There are several natural community types within Big Shoals State Forest. The dominant type is Mesic Flatwoods, however Upland Mixed Forests, Basin Swamps, and Cypress Domes are well represented. Most of these communities are good examples and have been well maintained. A perennial stream, Four Mile Branch, flows through Big Shoals and into the Suwannee River.

Using an ecosystem management approach, the primary management objective of the Division of Forestry is to restore, maintain and protect all native ecosystems. Through sound multiple-use management practices, a proper balance is maintained between resource utilization and resource protection. The forest which provides habitat for many species of wildlife including white-tailed deer, bobcat, fox squirrel and wild turkey.

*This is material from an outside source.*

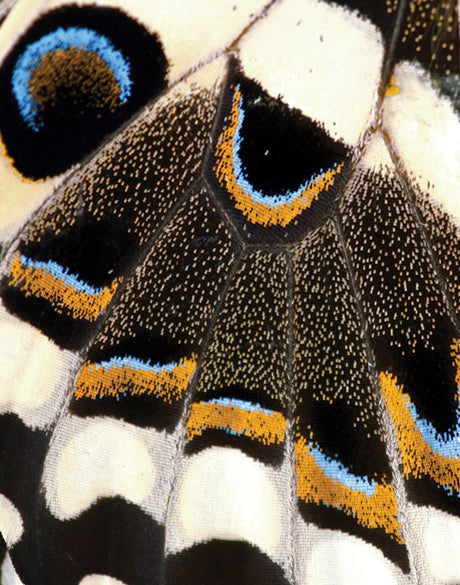 Macey Butterfly III (Canvas)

While Big Shoals Public Lands is noted for its whitewater rapids associated with the Big and Little Shoals on the Suwannee River at certain river levels, the State Forest portion has multiple other recreation opportunities as well. These include nature study, picnicking, hiking, bicycling, horseback riding, fishing, and hunting.

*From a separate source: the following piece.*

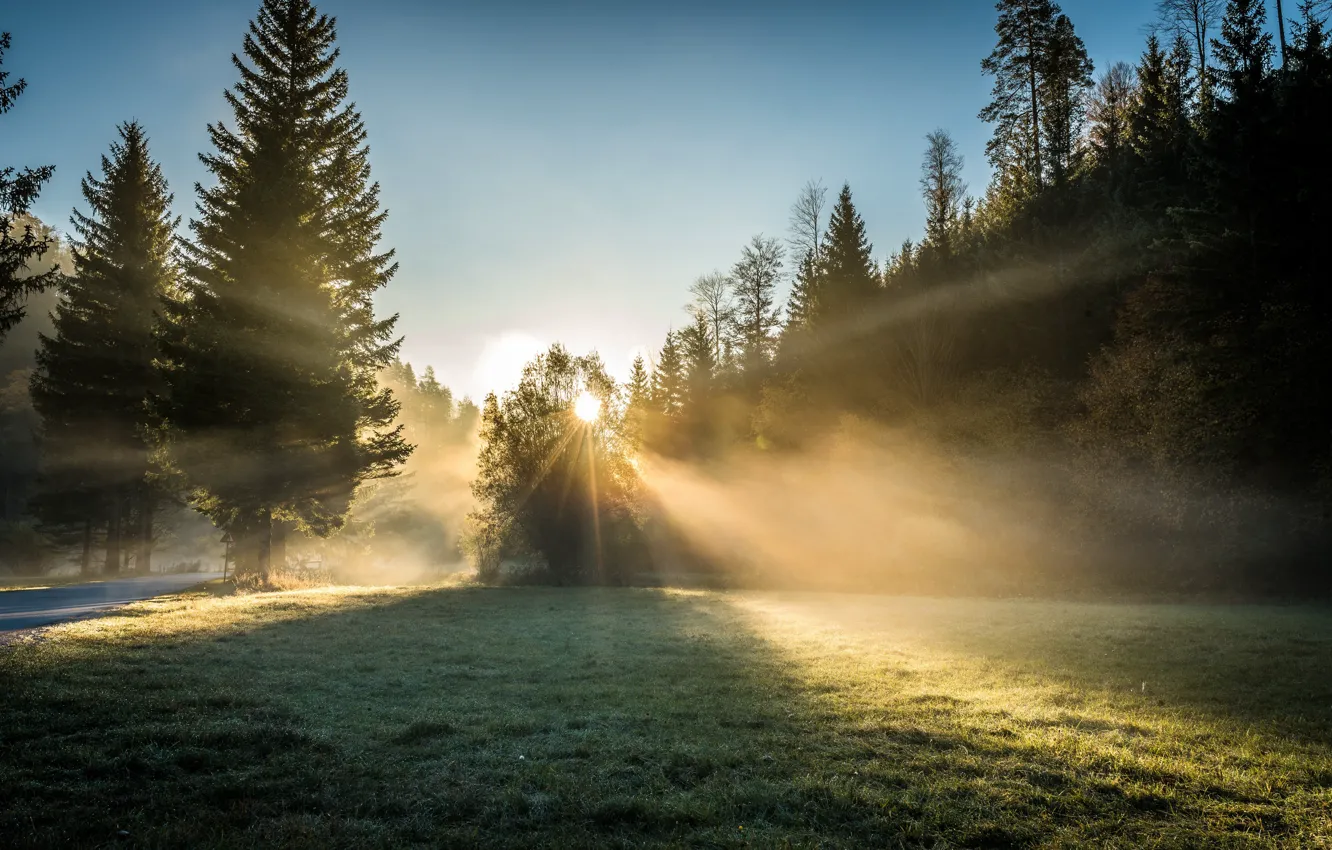 Photo wallpaper forest, light, morning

Big Shoals State Forest contains a hiking trail and horseback riding trail included in the Florida Division of Forestry Trailwalker and Trailtrotter Programs. There is also a very popular 4 mile paved bicycle trail located on the State Forest. 

A canoe launch is located on the northern section of the river but note: the shoals are very dangerous and should not be navigated when the water level is high. In addition, FWC has designated a portion of Big Shoals Public Lands as a Type I Wildlife Management Area for hunting.